1

The original "why" of what I want to do is:

Restore a table maintaining its original partitioning instead of it all going into today's partition.

What I thought I could do is bq load to a temporary table. Then run a query to split that table into one table per day YYYYMMDD in the naming convention needed by bq partition i.e. sharded_YYYYMMDD. Then run bq partition.

This page https://cloud.google.com/bigquery/docs/creating-partitioned-tables gives examples but it requires running a query per day. That could be hundreds:

bq query --use_legacy_sql=false --allow_large_results --replace \ --noflatten_results --destination_table 'mydataset.temps$20160101' \ 'SELECT stn,temp from `bigquery-public-data.noaa_gsod.gsod2016` WHERE mo="01" AND da="01" limit 100'

So how do I make a single query that will iterate over all the days and make one table per day?

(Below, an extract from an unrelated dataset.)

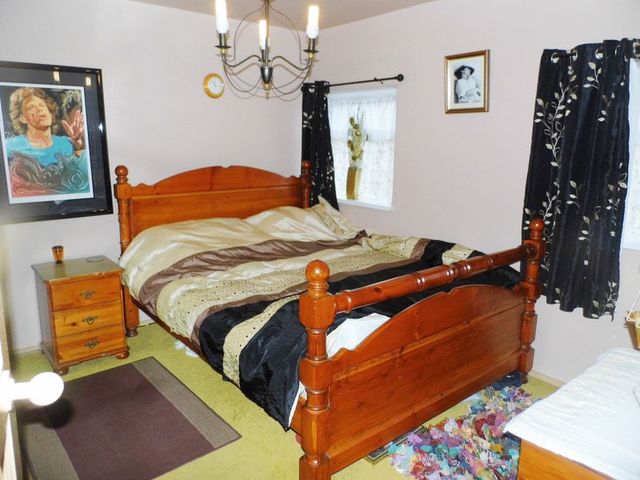  Image of 3 Bedroom Detached  For Sale at Fallow Field Blurton Stoke-On-Trent, ST3 3EJ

I found a similar question here Split a table into multiple tables in BigQuery SQL but there is no answer about doing it with a single query.

Community
  • 1
  • 1

2 Answers2

3

The main problem here is having full scan for each and every day. The the rest is less of a problem and can be easily scripted out in any client of your choice

So, below is to - How avoid full table scan for each and every day?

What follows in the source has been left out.